Exactly four hundred years ago, a dark shadow was slithering across mainland Europe. It stretched its bleak, cold presence into each hearth and home. Everything it touched turned to ruin. Musket and rapier, smoke and fire, ruled supreme. Nothing was immune. Animals and children starved to death, mothers and adolescent girls were abused and tortured. The lucky ones died, alongside their brothers and fathers, slain in battle. Possessions were looted, crops destroyed, barns and houses burned. There seemed no end to the evil and pestilence. Sixteen generations ago, many believed the end of the world had arrived.
This was not a tale of Middle Earth. The place was central Europe in the early 17th century. In 1618 the future Holy Roman emperor Ferdinand II, a zealous follower of the Jesuits, had attempted to restore the Catholic Church as the only religion in the Empire and exterminate any form of religious dissent. Protestant nobles in Bohemia and Austria rose up in rebellion. The conflict soon widened, fuelled by the political ambitions of adjacent powers. In Europe’s heartland, three denominations fought it out: Roman Catholicism, Lutheranism and Calvinism.
The result was an interwoven tangle of diplomatic plot twists, temporary alliances and coalitions, as princes, bishops and potentates beseeched outside powers to help.
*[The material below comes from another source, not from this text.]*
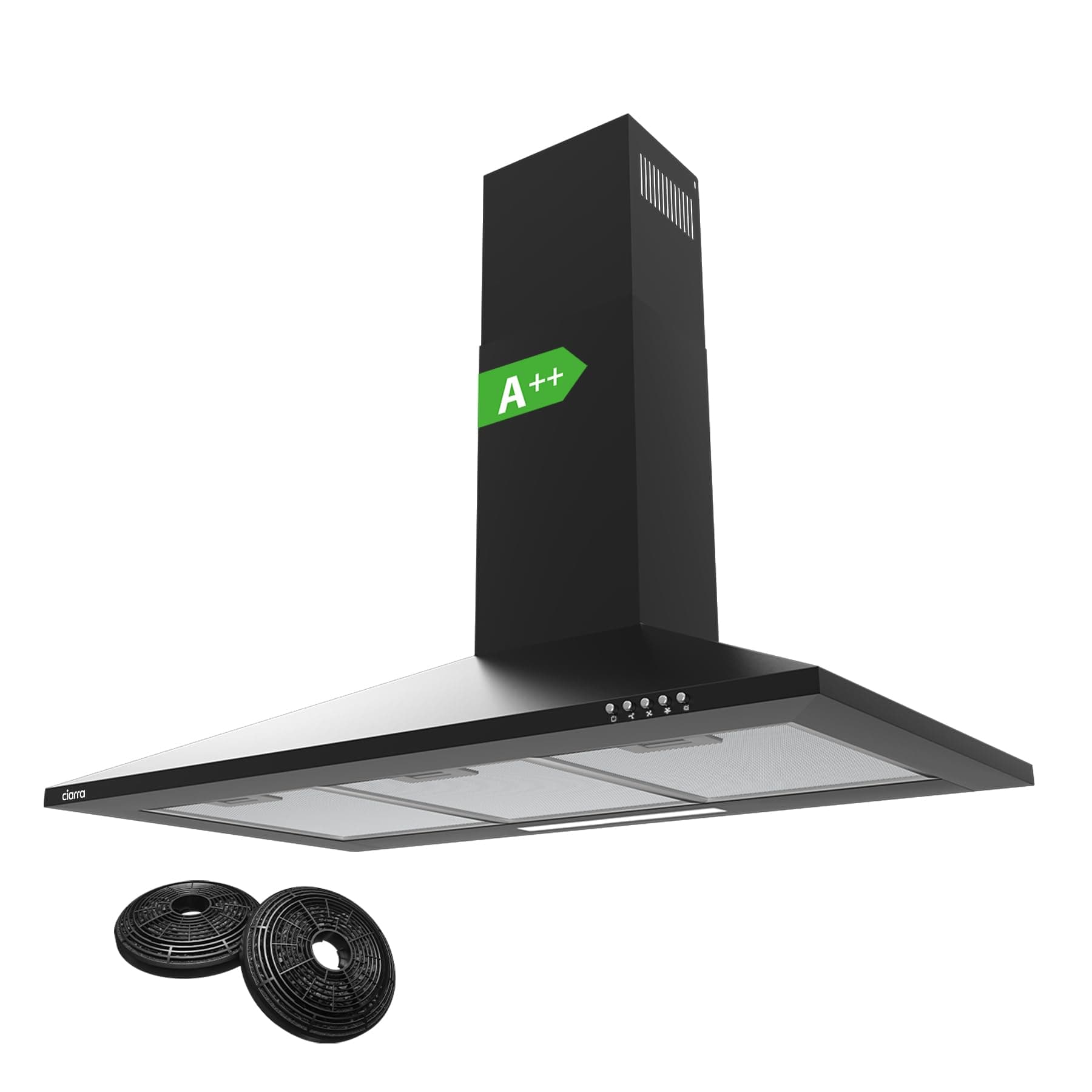 Ciarra CBCB9201 Hotte Aspirante 90 cm - Classe A++ - 370m³/h - 3 Vitesses - Recyclage ou Evacuation - Cheminée Extensible - Filtres à Charbon INCLUS - Noir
The struggle, which lasted for thirty years, boiled down to the Roman Catholic and Habsburg-led Holy Roman Empire, fighting an incongruous array of Protestant towns and statelets, aided by the anti-Catholic powers of Sweden under Gustavus Adolphus, and the United Netherlands. France and Spain also took advantage of the distractions of war to indulge in their own sub-campaigns. Britain took no formal part but was about to become embroiled in her own civil war.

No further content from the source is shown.